Factors influencing profit efficiency among smallholder soybean producers in Nigeria

Document Type : Original Article

Authors

1 Federal College of Forestry, Jos, Plateau State, NIGERIA.

2 Department of Agricultural Economics, Faculty of Agriculture, University of Abuja, PMB 117 Gwagwalada-Abuja, Federal Capital Territory, NIGERIA.

3 Department of Agricultural Extension and Rural Development, Faculty of Agriculture, Federal University Dutse, Jigawa State, NIGERIA.

4 Department of Economics, Faculty of Social Sciences, University of Jos, Plateau State, NIGERIA.

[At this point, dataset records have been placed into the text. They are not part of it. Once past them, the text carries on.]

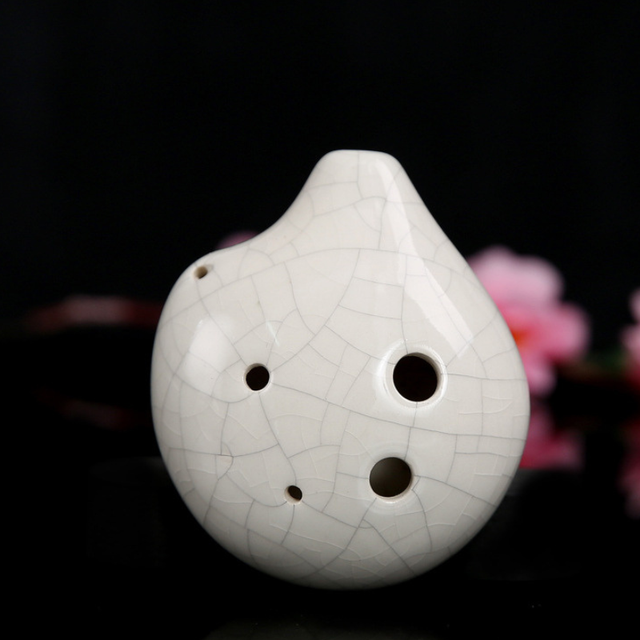 6-Hole White Crack Ocarina Round Shape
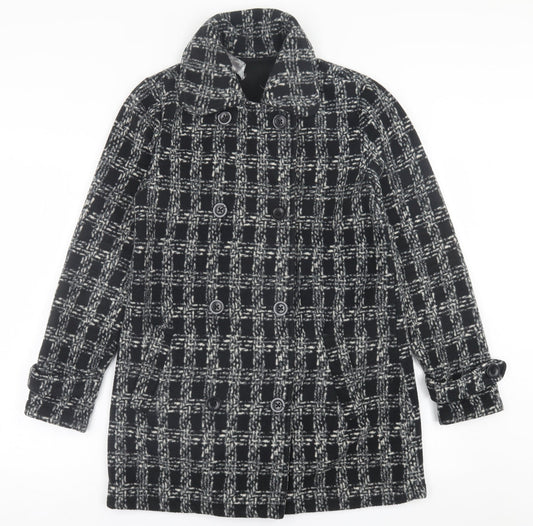 Effecti moda Womens Black Plaid  Jacket  Size S  Button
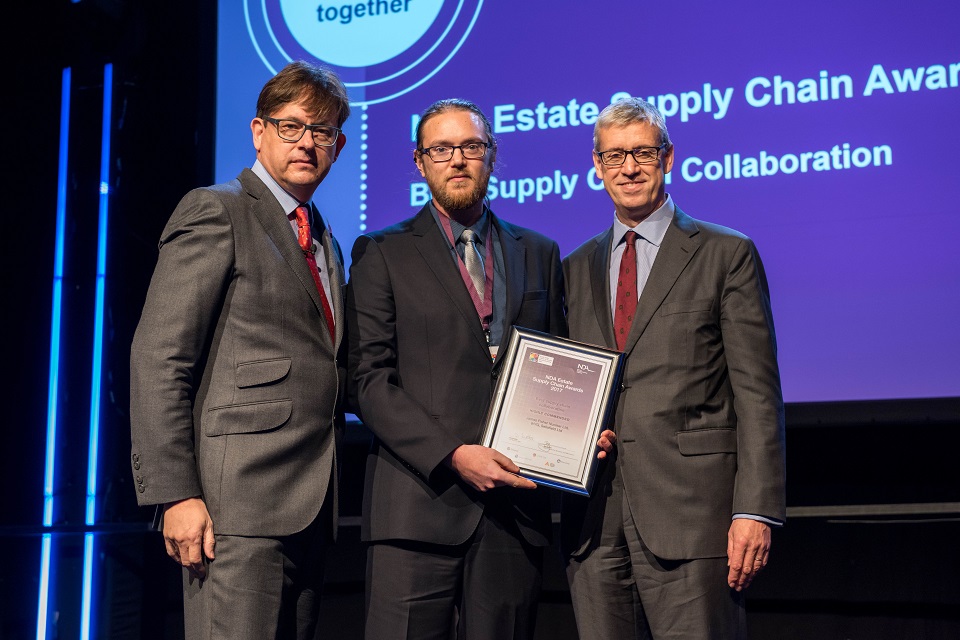 Chris Moffat (centre), from James Fisher, who were part of the highly commended team in the collaboration category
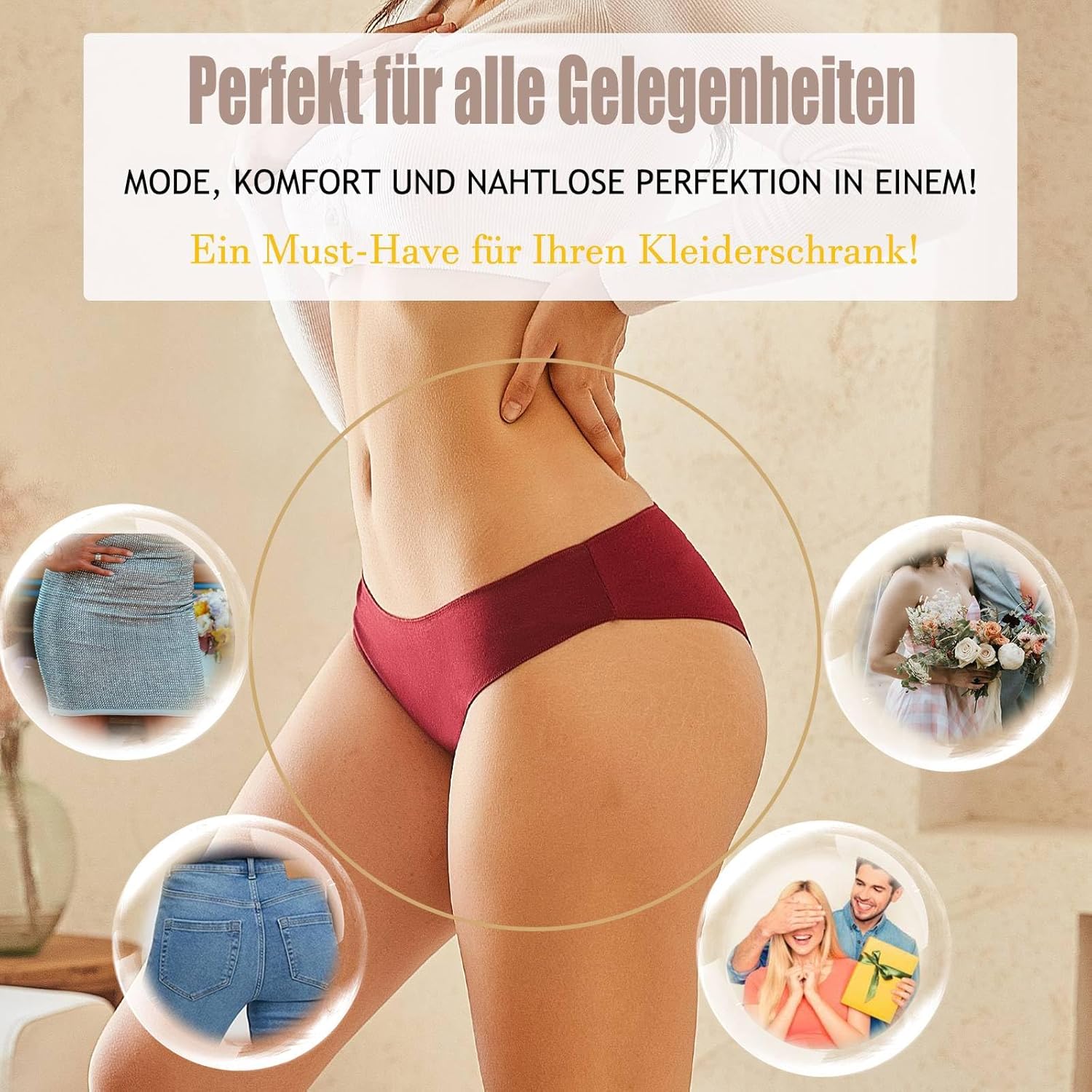 Thumbnail 4 de BeReady Mutande Donna Cotone Slip 6 pezzi – Vita bassa, comode e traspiranti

5 Department of Agricultural-Economics, University of Agriculture, Makurdi, Benue State, NIGERIA

Abstract

This research work evaluated the factors influencing profit efficiency among smallholder soybean producers in Nigeria. A simple random sampling strategy was used to select 200 soybean growers. Primary data were utilized based on a well-organized questionnaire. The data were evaluated utilizing descriptive statistics, and stochastic profit efficiency frontier model. The outcome shows that the average farm size was 1.31 hectares. Averagely, the age of soybean growers was 42 years. They had 13 years’ experience in soybean farming with a standard deviation (SD) of 4.78. The input cost elasticities were positive and estimated as seed (0.3264), fertilizer (0.1552), hired labour (0.3434), agrochemicals (0.3371), and land (0.3571), respectively. The price of seed, price of fertilizer, price of hired labour, price of agrochemicals, price of land cultivated were significantly different from zero in affecting the profit efficiency of soybean growers. Furthermore, the age, farming experience, household size, level of education were socio-economic stimulus significantly affecting the profit inefficiency of soybean growers. The number of extension contact and members of cooperatives groups were institutional stimulus significantly affecting profit inefficiency of soybean growers. The mean profit efficiency score was estimated at 77.9%, leaving an inefficiency gap of 22.1% which can be filled by using available technologies and resources to get to the profit frontier model. The study suggested that farm inputs such as fertilizers, improved seeds, agrochemicals, machines, and improved technologies should be given to soybean growers at affordable prices to increase output and profit efficiency.